This is a containerized attempt of getting legacy-ridden PHP apps to run in a cloud-native containerized environment.
I originally built this to run Nextcloud on Kubernetes, a topic you can read more about on my blog.
Basically, it is assumed you have modified the app to be able to run at least mostly without mutating the disk. Then you place a tarball of the app webroot in an Azure Storage account. This tarball will be downloaded and extracted to the container's webroot on container boot.
If you make changes inside a container, say running some inline updater, then you can just prison-update-source
and it'll create a new tarball and upload it back to the Azure Storage account container, thereby updating the source so you can just reboot the containers.
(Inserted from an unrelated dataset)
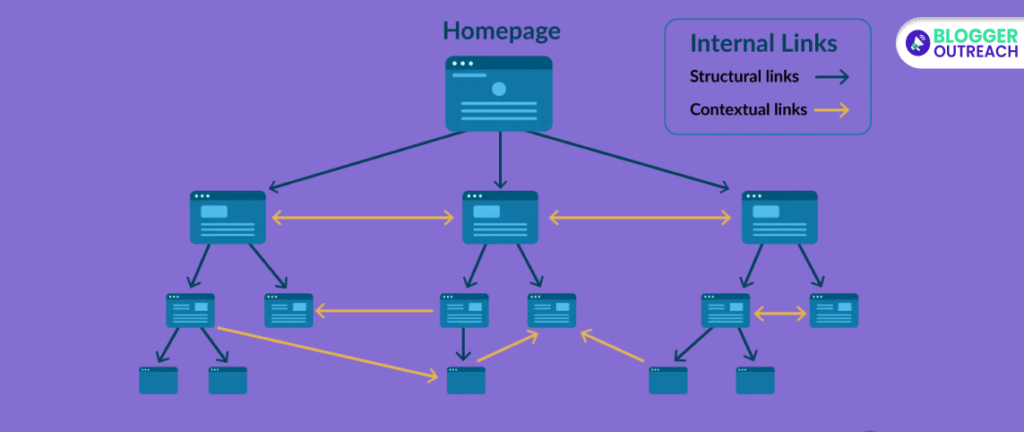 Internal Link Building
The Docker container is hosted on Github Packages.
$ docker pull docker.pkg.github.com/alexblackie/prison/prison:12
See Configuration below for details on the environment variables you have to set. The container just runs Apache HTTPD, so it is available in the container on port 80
.
A single environment variable must be set: AZURE_STORAGE_WEBROOT_URL
. This must be a full URL to the webroot tarball in Azure Storage, appended with a valid Shared Access Signature (SAS).
For example (with sensitive values removed):
AZURE_STORAGE_WEBROOT_URL="https://<account>.blob.core.windows.net/<container>/webroot.tar.gz?sv=2019-12-12&ss=b&srt=co&sp=rwdlac&se=<end>&st=<start>&spr=https&sig=<sig>"
You can generate a SAS for your storage account from the "Shared access signature" section of its settings in the Azure Portal. Ensure you set a reasonable expiry date, and rotate regularly as you would any sensitive credential.
On container boot, we forcibly chown
the entire webroot to apache:www-data
to make sure everything works.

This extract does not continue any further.